To address these scientific and societal challenges, we need to answer five research questions:

  1. How does bilingualism influence metacognitive processing in linguistic tasks in the visual modality?
  2. How does bilingualism influence metacognitive processing in linguistic tasks in the auditory modality?
  3. How does bilingualism influence metacognitive processing in non-linguistic tasks in the visual modality?
  4. How does bilingualism influence metacognitive processing in non-linguistic tasks in the auditory modality?
  5. What is the interaction between bilingualism per se and living in bilingual environments? Bilingualism entails having acquired two languages from birth or at an early age (under 2 years) and using both languages on a daily basis in a full range of communicative situations. Exposure to bilingual environments entails exposure to linguistic stimuli with greater variability and may lead individuals to adjust the trade-off between exploitation/exploration strategies in information processing.

Cognitive and neural mechanisms for splitting continuous sensory input into discrete constituents

Although sensory input is continuous, cognitive systems operate on discrete constituents. Splitting continuous sensory input into discrete units is called segmentation. Segmentation is based on statistical learning, the process of finding statistical regularities, such as transitional probabilities (TPs), in continuous sensory input in order to structure this input into processable units. Statistical learning mechanisms operate across all modalities and domains (splitting speech into words and phrases, musical compositions into rhythmic groupings, continuous actions into isolated sequences of events). However, it is still unclear whether statistical learning results in representations of extracted constituents, or rather in a set of statistical regularities which can then be used to test the statistical coherency of newly encountered exemplars. The cognitive mechanisms for extracting, learning and exploiting conditional statistics are highly debated. Two possible classes of mechanisms, suggesting different roles of TPs in segmenting a continuous input, have been proposed: 1) clustering mechanisms and 2) boundary-finding mechanisms.
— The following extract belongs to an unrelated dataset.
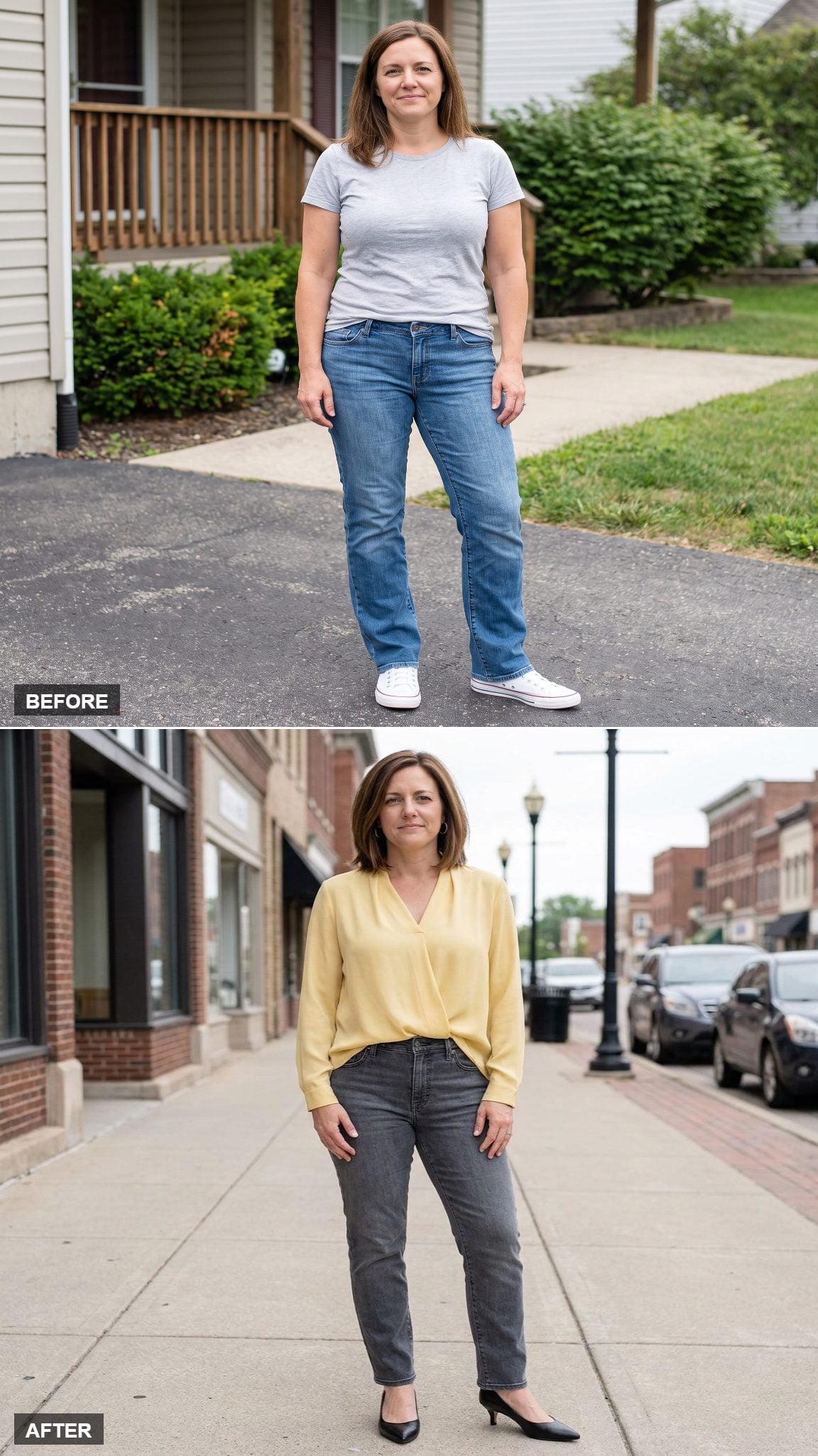 Graphite High-Rise Cigarette Jeans, Butter-Yellow Draped Blouse, and Black Kitten Heels on a Brick-Lined Sidewalk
Boundary-finding mechanisms are based on detecting high-entropy transitions, when one element predicts the following element with low probability. This implies identifying rarely co-occurring elements: the high-entropy transitions between these elements signal boundaries between discrete constituents. By contrast, clustering mechanisms are based on detecting high transitional probabilities between consecutive elements, i.e., detecting clusters of elements within which one element predicts the transition to next element with high probability. This mechanism is based on identifying frequently co-occurring elements and merging them together to form a new constituent. It is also important to identify neural substrates and networks that support learning statistical patterns and/or discrete units, and the recognition of extracted constituents vs. recognition of mere statistical patterns. Finally, I aim to ascertain whether the neural and cognitive mechanisms engaged in statistical learning are domain- and modality-general, and if not, which aspects are adapted specifically for more efficient speech processing in the auditory and visual modalities. This will help us explore the evolutionary roots of such mechanisms, and their role in the emergence of language faculty in humans.